HICKS ACQUISITION CO II (NASDAQ:HKAC)

WEB NEWS

Saturday, June 23, 2012

SPAC Activity

APPLETON, Wis. and DALLAS, May 16, 2012 /PRNewswire/ -- Appleton Papers Inc. ("Appleton") and Hicks Acquisition Company II, Inc. (Nasdaq: HKAC) today announced a definitive agreement under which Appleton will engage in a business combination with Hicks Acquisition Company II valued at $675 million. The combined company will be listed on the Nasdaq exchange, positioning Appleton for long-term growth and profitability with an improved balance sheet and greater access to capital. Appleton is a leading manufacturer of specialty high value-added coated paper products and a provider of proprietary encapsulation applications. Hicks Acquisition Company II is a special purpose acquisition company founded and headed by Thomas O. Hicks with approximately $149.3 million of cash in trust.


Investor Presentations
Road Show Material to discuss a proposed business combination

Financial Target Agreements

One day after the closing of the transactions contemplated by the Equity Purchase Agreement with Appleton , pursuant to the Cross Purchase Agreement, PDC will sell the Over-the-Top Units to Hicks Acquisition Company II, Inc (HACII), which will immediately surrender the Over-the-Top Units to Appleton for cancellation and, upon its receipt thereof, Appleton will issue to HACII a number of Appleton Class A Units equal to the number of cancelled Over-the-Top Units. In exchange,

 (i) PDC will be entitled to receive up to an aggregate of three million shares of HACII Common Stock (the “Contingent Consideration”), which will be issued, if at all, upon the achievement of certain stock price targets based upon the trading price of the HACII Common Stock,

(ii) HACII will issue to PDC approximately 481,601 shares of Series A preferred stock of HACII (“HACII Series A Preferred Stock”) and

(iii) HACII and PDC will enter into a tax receivable agreement, pursuant to which PDC will be allocated 85% of certain tax-related benefits.

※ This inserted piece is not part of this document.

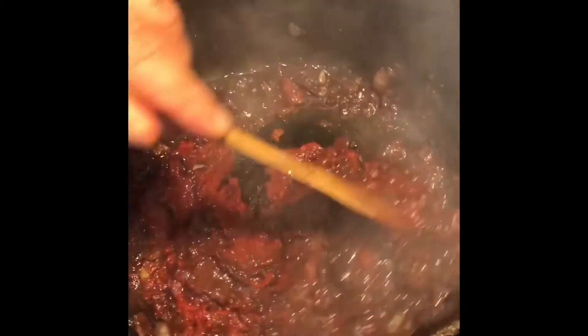We're gonna add 12 ounces of tomato paste. The reason we're putting 12 ounces is because I actually love a very thick sauce. If you like a thinner sauce, just add more water and not necessarily so much tomato paste.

  • The first one million shares of the Contingent Consideration will be issued in the event that shares of HACII Common Stock trade at or above $12.50 per share for 20 out of 30 consecutive trading days on or prior to the fifth anniversary of the closing of the Cross Purchase Agreement (such one million shares, the “First Tier Contingent Consideration”).
  • In the event that shares of HACII Common Stock trade at or above $15.00 per share for 20 out of 30 consecutive trading days on or prior to the fifth anniversary of the closing of the Cross Purchase Agreement, then, along with the First Tier Contingent Consideration, HACII shall issue to PDC two million additional shares of HACII Common Stock.